Monday 17 February 2014

The Girl With All the Gifts, by M. R. Carey

Melanie: a young girl, smart, thirsty for knowledge, eager to understand the world, or the pieces of the world that her teachers let her see. A child who smiles and learns and yearns for love. Or an interloper? A ‘something else’ that controls this young girl’s body and just makes it seem like she is all those other things?

Melanie’s world is very small. She lives in a small, bare cell. Each day Sergeant and his people come and take her down the corridor, through the door at the end and into the classroom. There is a door at the other end of the corridor too, but she never gets to go through that one. She’d like to know what’s on the other side. Her life is controlled and regulated - Plato’s cave - and very little changes from week to week. But then two of the other children in her class are taken away and never come back. The questions start to pile in. What happened to them? Why does Sergeant get so very angry when the teacher touches Melanie’s hair? Why did Kenny snap and snarl at Sergeant like a dog when Sergeant showed Kenny his arm? And what is it inside Melanie that woke up when she smelt Sergeant’s skin?

It’s quite extraordinary that new things can still be done with what, in it’s most basic form, is a zombie apocalypse novel. As external events come into play, Melanie’s world comes crashing down and suddenly that small cell and clinical corridor are replaced with a lot of home truths. It is two decades since the Breakdown; anywhere outside of Beacon is unsafe, populated only by hungries and the survivalist Junkers. She is like people, but she’s not like people. The hungries don’t pay attention to her, but they’re a threat to everyone else. Why is she different?
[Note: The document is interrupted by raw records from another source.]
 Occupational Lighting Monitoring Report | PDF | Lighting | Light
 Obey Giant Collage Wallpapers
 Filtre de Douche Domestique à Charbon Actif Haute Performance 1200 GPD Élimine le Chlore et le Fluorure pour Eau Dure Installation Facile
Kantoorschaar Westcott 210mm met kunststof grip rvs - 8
Melanie and four others slog out into this open world: Dr Caldwell, the cold doctor who thinks only of science, of finding a cure, of solving the equation and receiving her due praise. What lengths will she go to to achieve her aims? Helen Justineau: damaged but caring teacher set on protecting her young charges. Private Gallagher, a young and green soldier stuck between a rock and a hard place, for whom moving forward to Beacon is equal to go backward. Sergeant Parks: the hardened leader who has survived by adhering to strict rules and behaviors as far as hungries are concerned, rules he’s now being forced to bend, but he’s determined to get the group back to Beacon. And Melanie: Caldwell is sure the secret locked inside Melanie’s head is the key to saving them all, if only she can get inside and figure it out.
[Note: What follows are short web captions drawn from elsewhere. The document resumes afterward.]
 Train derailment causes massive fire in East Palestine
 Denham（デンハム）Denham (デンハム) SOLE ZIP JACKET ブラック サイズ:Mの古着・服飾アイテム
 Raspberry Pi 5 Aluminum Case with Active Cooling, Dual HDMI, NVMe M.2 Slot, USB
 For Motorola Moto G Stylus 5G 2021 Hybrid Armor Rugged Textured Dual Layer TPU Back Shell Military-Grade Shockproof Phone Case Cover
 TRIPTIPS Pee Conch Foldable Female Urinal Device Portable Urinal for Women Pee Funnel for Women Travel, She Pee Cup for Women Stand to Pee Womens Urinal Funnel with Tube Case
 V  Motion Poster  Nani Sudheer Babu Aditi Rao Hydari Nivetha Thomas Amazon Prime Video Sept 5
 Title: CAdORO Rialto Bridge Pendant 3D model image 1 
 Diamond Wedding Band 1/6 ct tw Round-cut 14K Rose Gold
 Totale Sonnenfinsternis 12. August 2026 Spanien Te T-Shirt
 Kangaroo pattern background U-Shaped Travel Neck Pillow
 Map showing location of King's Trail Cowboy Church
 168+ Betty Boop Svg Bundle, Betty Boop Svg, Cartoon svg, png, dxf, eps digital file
But what if Melanie is something else entirely, something nobody even thought could exist? Something that turns all assumptions about the hungries upside down; that is at once extraordinary, but will also sound the death knell for them all?

The Girl With All the Gifts is a wonderful new take and new approach to a well-mined genre. It’s easy to figure out early what the deal is with Melanie’s world, yet M. R. Carey simultaneously keeps a lot hidden away from us. What exactly are the gifts that Melanie is holding? Will they make it back to Beacon? What will they encounter, discover, and have to endure along the way? Will Beacon even still be there? Carey’s writing is visually enticing – the world this eclectic group walk through played like a movie in my head – as well as creating that thrill and anticipation of a gripping novel; the questions and secrets perfectly balanced with adrenaline-inducing passages of action. It’s not an action heavy book, it’s not all run-run-run, hide-hide-hide: instead, a level tension runs through every page, every step, every decision these characters take. And it’s a level of tension that is satisfied by answers just as new questions arise, a really slick and effective piece of storytelling.

When I read Max Brooks’ World War Z, it gave me nightmares if I read before going to sleep, and at one point I was afraid The Girl With All the Gifts would have the same uncomfortable effect. Thankfully it didn’t, and I think this is because it’s such a character-driven story. Each of the five characters have their own secrets to protect; these secrets drive them forward, make them who they are, influence their reactions to the world and their reactions to each other. Can they let their secrets go? Can they change the others’ inbuilt responses?

As for the cause of the Breakdown - Dr Caldwell’s great project - I love the idea that something as seemingly small and innocuous as a fungus could bring about this level of devastation. In fact, I think it’s one of the best and most sensible explanations for a ‘hungry’ phenomenon postulated yet. Carey’s descriptions of these frozen creatures are enthralling: tendrils of grey sneaking through their bodies, the plants spore-ing and branching and growing and taking over while the hungries stand, waiting, for the next meal to walk by, the next trigger to wake them up and spur them onward. Add to this the abandoned land, buildings, villages, towns and cities left to rot for twenty years, while the fungus gradually, inexorably takes over. It's very cinematic.

Not all the questions are answered, not all the possible explanations given, but just enough is offered up to leave me satisfied. Ours and Melanie’s greatest fears are both realized and unrealized; the conclusion is a terrible work of art that is yet somehow right. The Girl With All the Gifts is being much lauded and rightly so: it is different and gripping and full of care in every respect.